The rise of ‘green skyscrapers’

With each passing day, strides are being made in alternative energy technologies that paint a bright picture of what the future holds for our planet. Sustainable power sources are highly sought after as replacements for coal and fossil fuels that we currently burn en masse to the detriment of the environment.

As these technologies develop, we are seeing more and more individual projects making use of innovative green approaches to construction and energy efficiency. Take , for example, the new PNC Bank global headquarters expected to be built in Pittsburgh, Pennsylvania. This "green skyscraper" is being designed to take advantage of a series of alternative energy technologies that will not only be better for the surrounding environment, but also provide a more pleasant workplace for company employees.

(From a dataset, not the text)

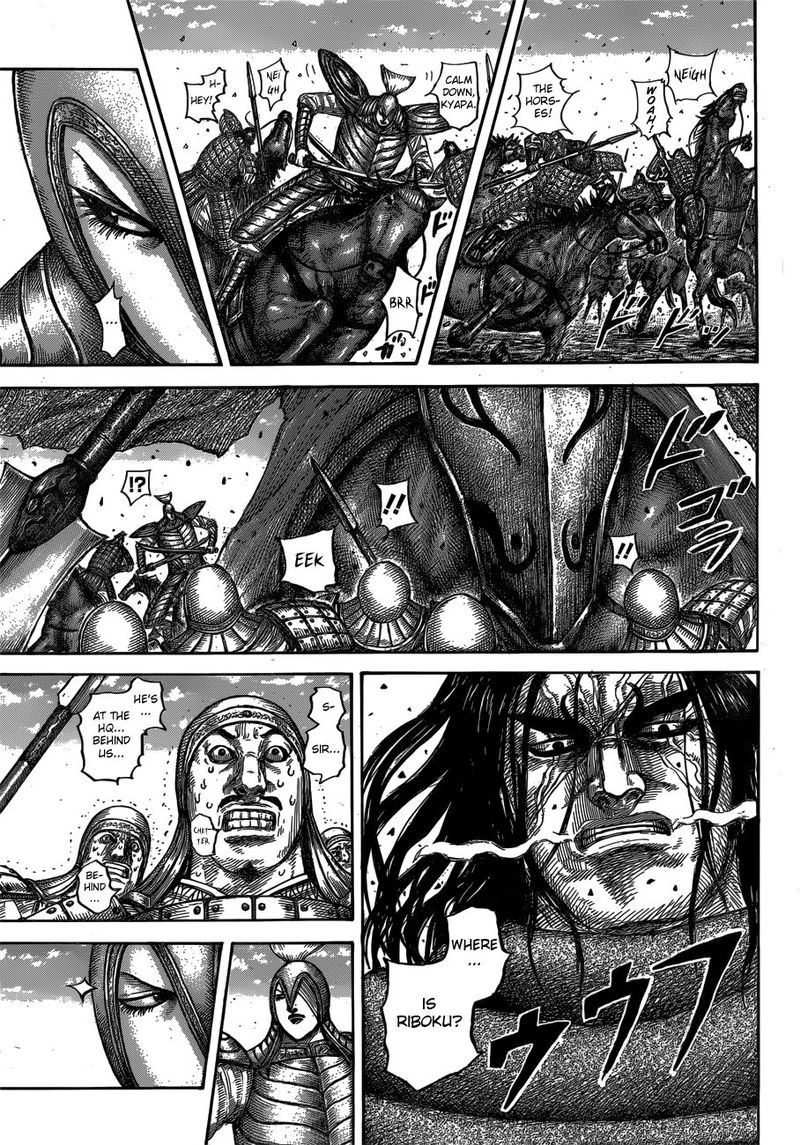 Kingdom 612 8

"The building 'breathes' with a double-skin facade: a natural ventilation system that has a glass outer weather and air barrier and an inner layer with automated air vents, a wood curtain wall, and manually operated sliding doors," writes Ariel Schwartz, a senior editor at Co.Exist. "A series of automatic sensors on both layers open up the building for air when the weather is nice."

Add to this a "solar chimney," which pulls warm air and exhaust up through the center of the building as the double skin draws fresh air in, and this will be a bastion of energy efficiency. Not to mention, there will also be a series of photovoltaic solar cells on top of that chimney.

As Schwartz explains, 91 percent of the building will be lit by daylight, drastically reducing energy consumption from lamps and overhead lighting systems. She also describes her favorite part of the design – glass-walled "outdoor-spaces." These areas, located every five stories, will reflect the season outside. Imagine being indoors but feeling like you're sitting outside in a garden on a beautiful summer day while you eat lunch or collaborate with a colleague.

Thanks to state-of-the-art solar module soldering techniques and other leading alternative power solutions, city skylines may soon be populated with energy-efficient skyscrapers like this one.